How to Write Makefiles for C++ Programs
Prepared by Professor Spiegel
Kutztown University
In any realistic application, there will be many modules. This idea of separate compilation matches the concepts of information hiding and the separation of concerns.
Many .cpp files have a corresponding .h file. .cpp files that have companion .h files ordinarily contain:
An .h file corresponding to one of these .cpp files might contain:
.h files provide "services" to other .cpp files, via inclusion. There are two types of .h files, those that come with C++, and those written by a programmer (like you).
For example, suppose you wrote a Date class. You would have a .h file which included the class declaration. Suppose you needed a Date object in a class. Then, you would #include "Date.h” (using quotes to tell the compiler to find the file in the logged directory, the directory of the source files).
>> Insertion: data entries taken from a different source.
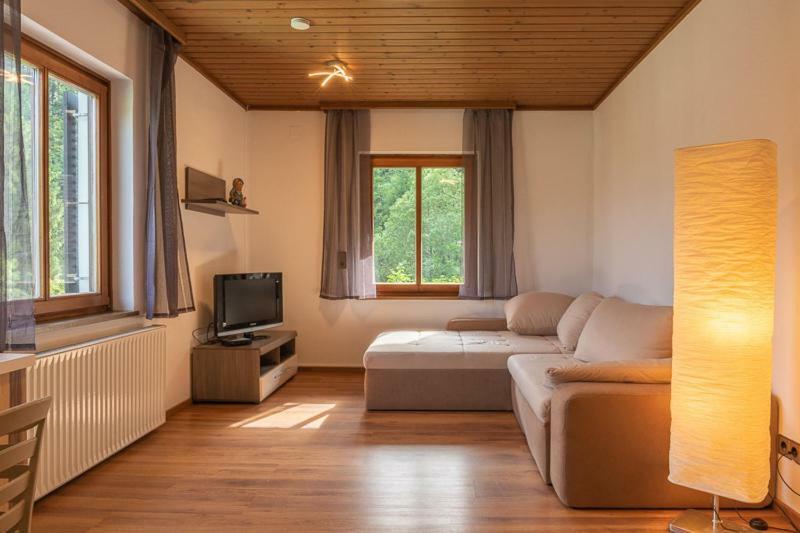 Bed and Breakfast Haus Sieben - Singer Lydia Kotschach-Mauthen Zewnętrze zdjęcie
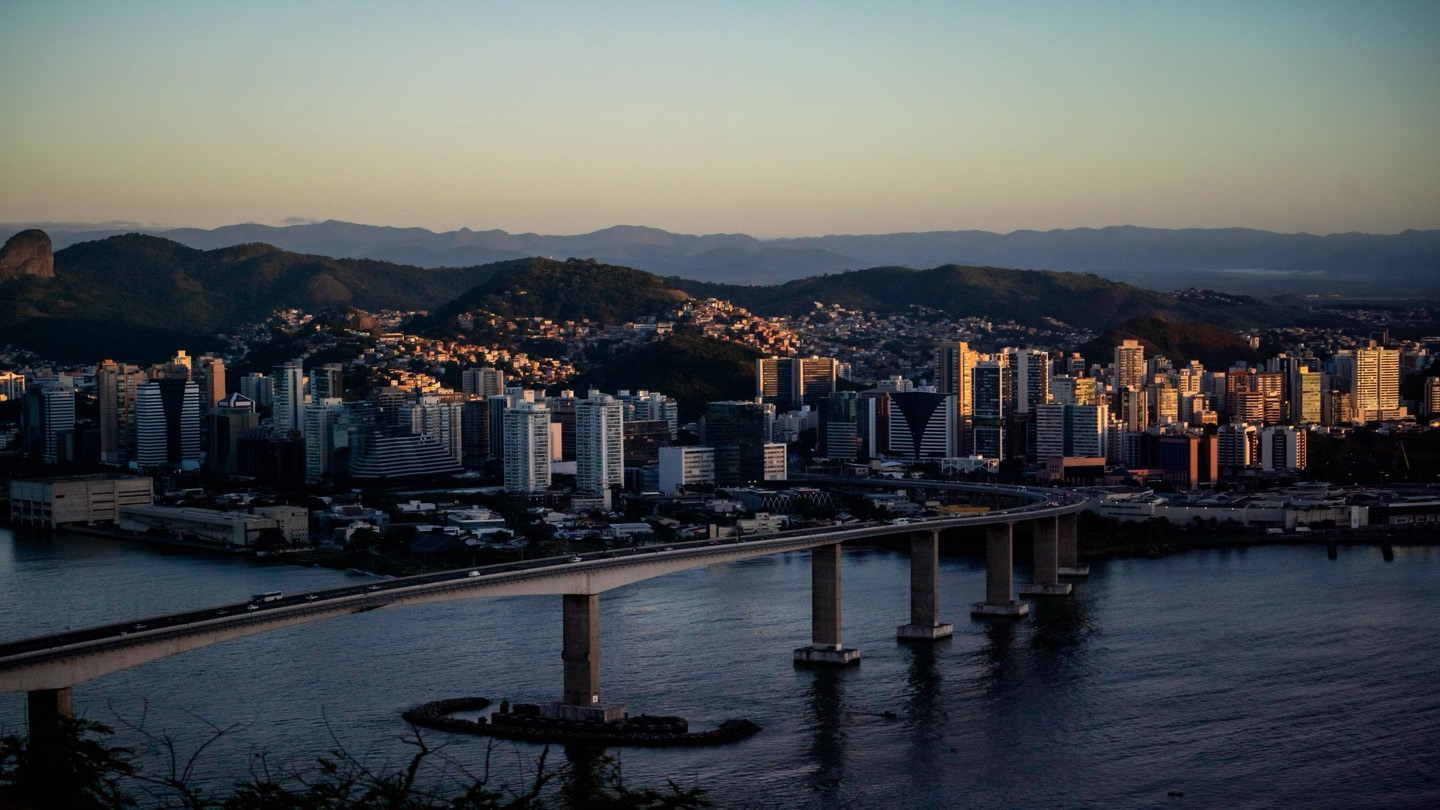 Terceira Ponte e prédios da Enseada do Suá, em Vitória (ES), na luz do fim de tarde, com morros ao fundo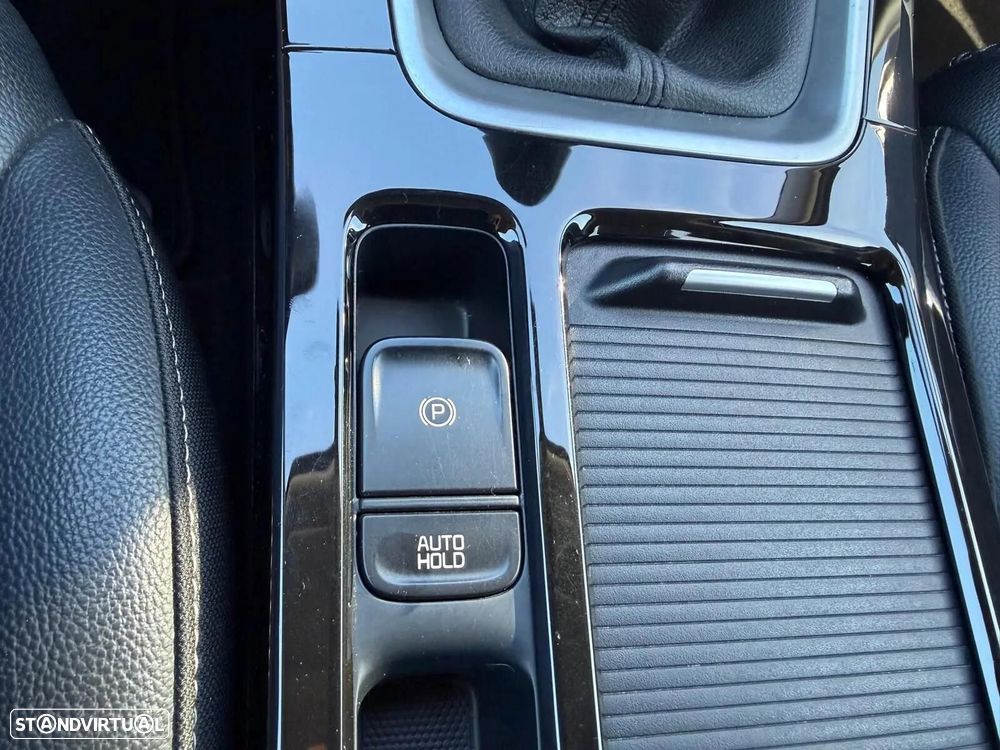 Kia Ceed 1.0 T-GDi Sport - 32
What does the compiler do when it sees #include of a .h file in a .cpp file? For example, suppose again you are compiling a class which contains the line #include "Date.h".
The preprocessor, which handles #include (and all # directives) will "insert" the Date.h file into a copy of the .cpp source code. After the preprocessing phase has completed, the preprocessor returns the result of its work, in this case the .cpp file with the definitions in the .h file included, for submission to the compiler.
What information does the compiler have about Date when compiling the .cpp file? It only knows the things declared in the .h file. For a class definition, these would be the data members and the method signatures. A signature of a method consists of, in order, its return type, name and arguments, by type It likely doesn’t know how the methods are implemented, since this information is not ordinarily stored in a .h file.
This is one of the advantages of separating the definitions and implementations between .h and .cpp files. A compiler need only see definitions to be able to compile. For example, when the compiler sees a function call, it need only have seen the function’s signature, which you first saw as a function prototype in CS I. The implementations in a .cpp file are an issue for the linker, which means that the compiler never accesses Date.cpp .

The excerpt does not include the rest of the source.